Through an OVDP or Streamlined Disclosure filing, the penalties that can be imposed for failure to file an FBAR can be mitigated or eliminated. Furthermore, through OVDP only, protection from prosecution can be achieved. However, a botched or inappropriate filing for either of the disclosure programs can result in handing over evidence of one’s noncompliance without receiving the benefits of the programs. Thus, ensuring that one’s application is appropriate and legally sufficient is essential. While a Treasury Inspector General of Tax Administration report indicates that the IRS has been lenient in the past, taxpayer should not expect this approach to continue following the criticisms contained in the report. If anything, taxpayers should expect IRS enforcement of botched voluntary disclosure filings to increase in the wake of this public scrutiny.
While participating in the OVDP or Streamlined Disclosure programs can allow a taxpayer to correct past mistakes made regarding offshore disclosures, a botched or otherwise inappropriate disclosure can create serious consequences. If a taxpayer files for Streamlined Disclosure when he or she should have filed for the standard OVDP program, the taxpayer may have just handed over evidence to the U.S. government without the presumption of non-prosecution typically provided by standard OVDP. Likewise foiling for OVDP with including the requited tax filings and disclosures can also result in complications.
However, a recent report by TIGTA indicates that in at least some instances the IRS failed to bring penalties for offshore account disclosure problems despite having the evidence to do so.
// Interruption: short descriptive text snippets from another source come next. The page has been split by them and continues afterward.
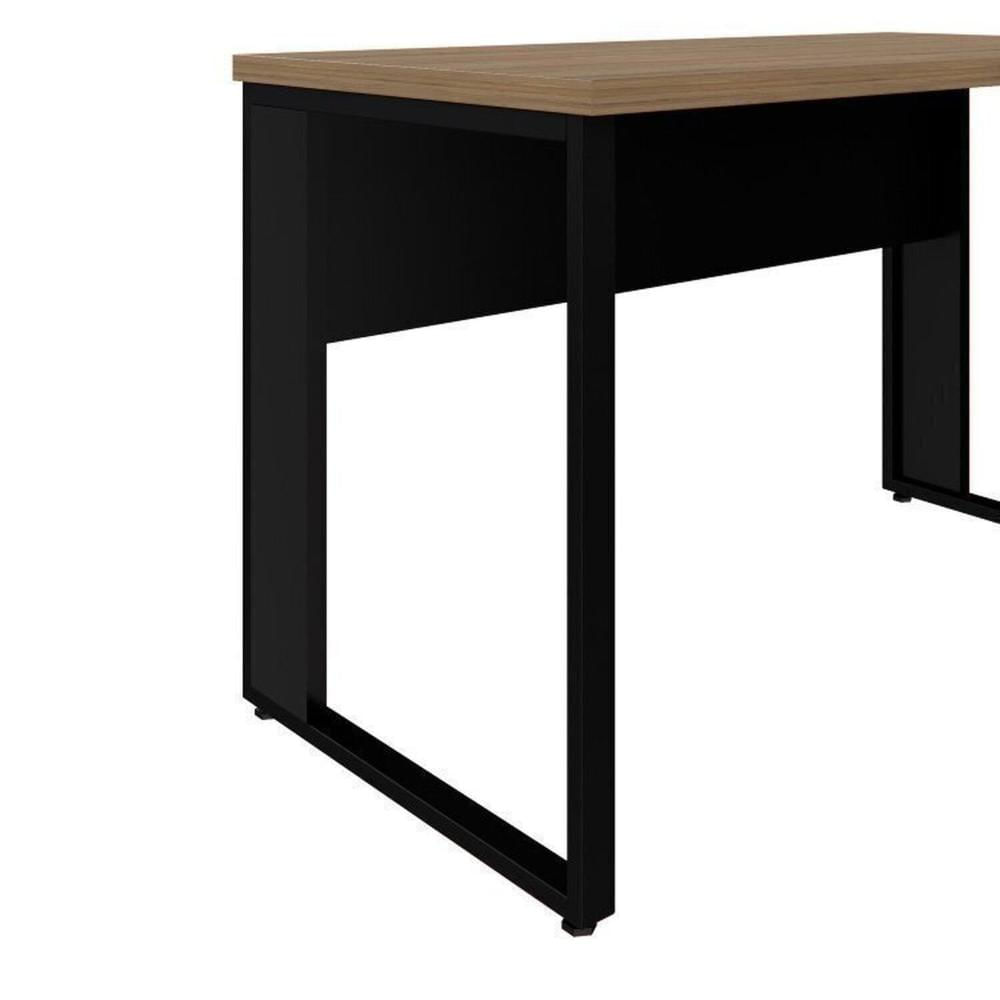 Miniatura Mesa para Escritório Diretor em L 120x150cm Marrom/Preto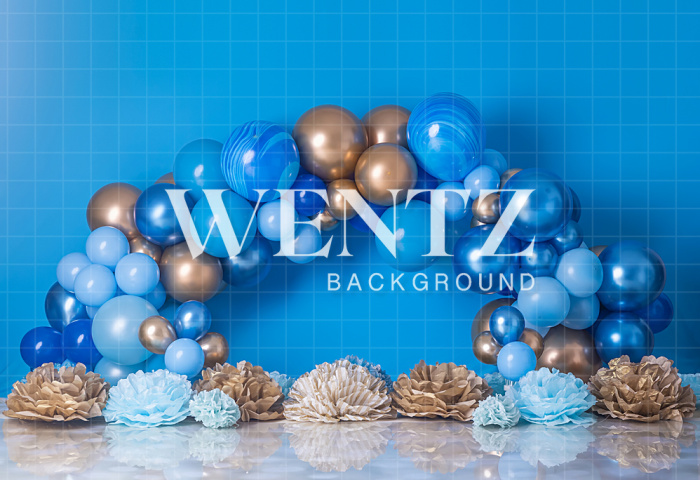 Fabric Photography Background Scenarios Blue Balloon / Backdrop 1783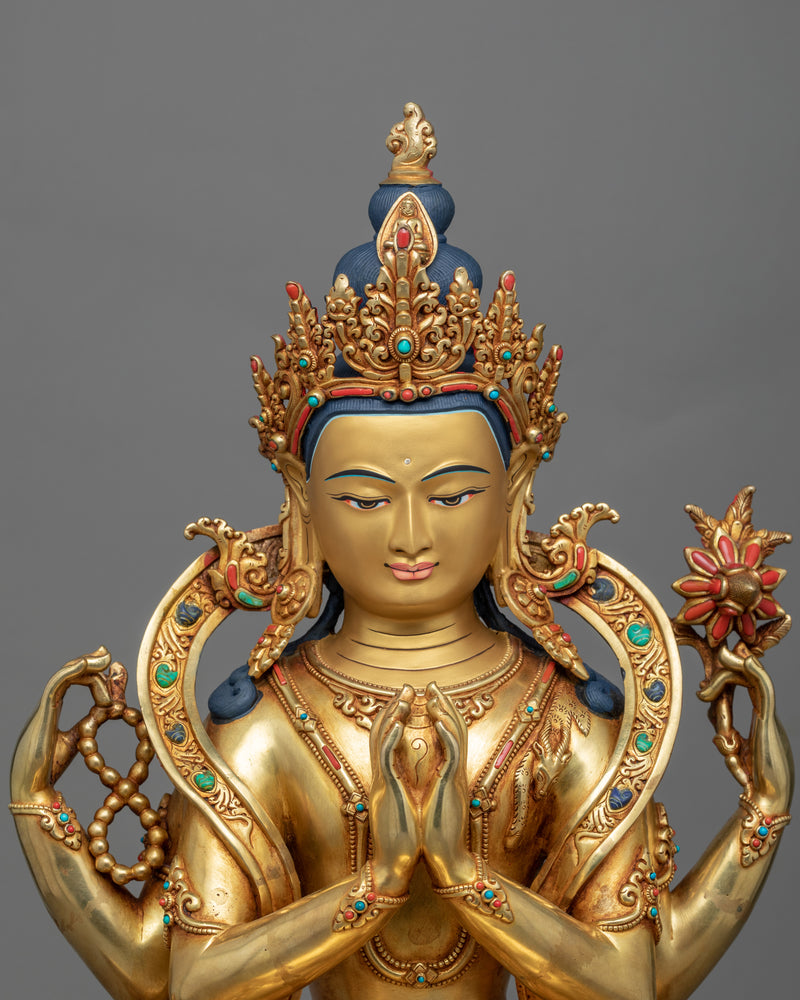 Gold-Gilded Statue For Chenrezig Mantra Tibetan Practice | Traditional Tibetan Art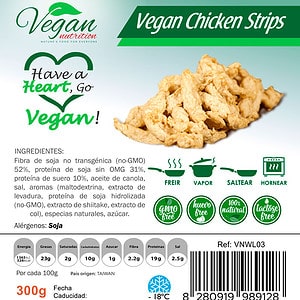 Vegan Nutrition Delicias Veganas en Tiras Estilo Pollo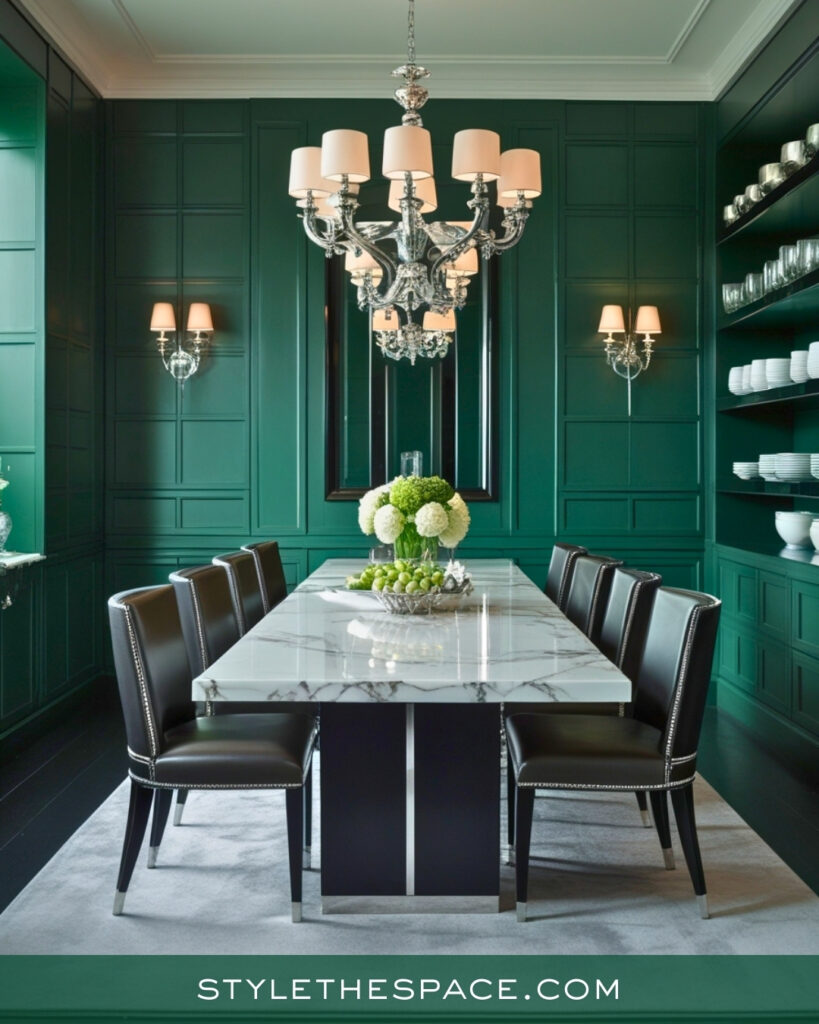 Deep Teal Green Dining Room with Marble and Crystal Accents
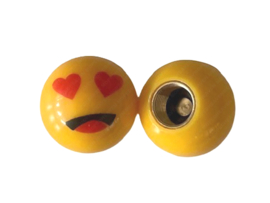 Valve Cap set Smiley Heart Shaped Eyes 2-Pieces Universal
For the report, TIGTA analyzed a cohort of 100 cases randomly selected from a set of 3,182 OVDP requests that the IRS denied or were withdrawn by the taxpayer. Out of the 100 randomly selected cases, TIGTA found 29 cases where the taxpayer could have potentially been subject to offshore penalties. However, the IRS did not take any action against these taxpayers. Extrapolating the data from this report to a larger sample, TIGTA estimated that the IRS failed to collect roughly $21.6 million in FBAR penalties.
In light of these failures, TIGTA issued a number of recommendations to increase the likelihood of a more even enforcement of the law. TIGTA recommended for the IRS to review all denied or withdrawn OVDP requests. The report also recommended central tracking of all OVDP correspondence along with a single mailing address.
Despite agreeing in full with each of the 6 recommendations issued by TIGTA, the IRS declined to implement the recommendation of establishing a single mailbox for taxpayer correspondence. The IRS stated that it was placing this recommendation on hold while it makes a decision regarding the future status of OVDP. The commissioner of the IRS’s Large Business and International Division stated, “While we agree with the potential value in this recommendation, at this time and in light of the non-permanent status of the OVDP program, we cannot commit the resources needed for this change. While OVDP initiatives have been successful in improving compliance with offshore accounts, OVDP was not intended to be a permanent program that would exist into perpetuity.”
The commissioner followed b indicating that the IRS expects to use the data gathered through FATCA to “open new approaches for the identification and assessment of compliance risks.” Clearly, the government intends to use the data garnered from both individual and institutional FATCA disclosures to better identify and prosecute those who fail to file offshore disclosures. For individuals still holding undisclosed accounts, it is further evidence regarding the increased difficulty of maintaining a secret account.
However, the language used also seems to suggest that the continued availability of OVDP should not be taken for granted. The IRS may feel that taxpayers have had ample time to adjust to the new system of disclosure or that the increased amount of international data at its disposal no longer requires taxpayer cooperation. In any case, taxpayers who have yet to correct offshore disclosure issues should do so before the IRS changes the terms of OVDP or Streamlined Disclosure to be less favorable or unavailable.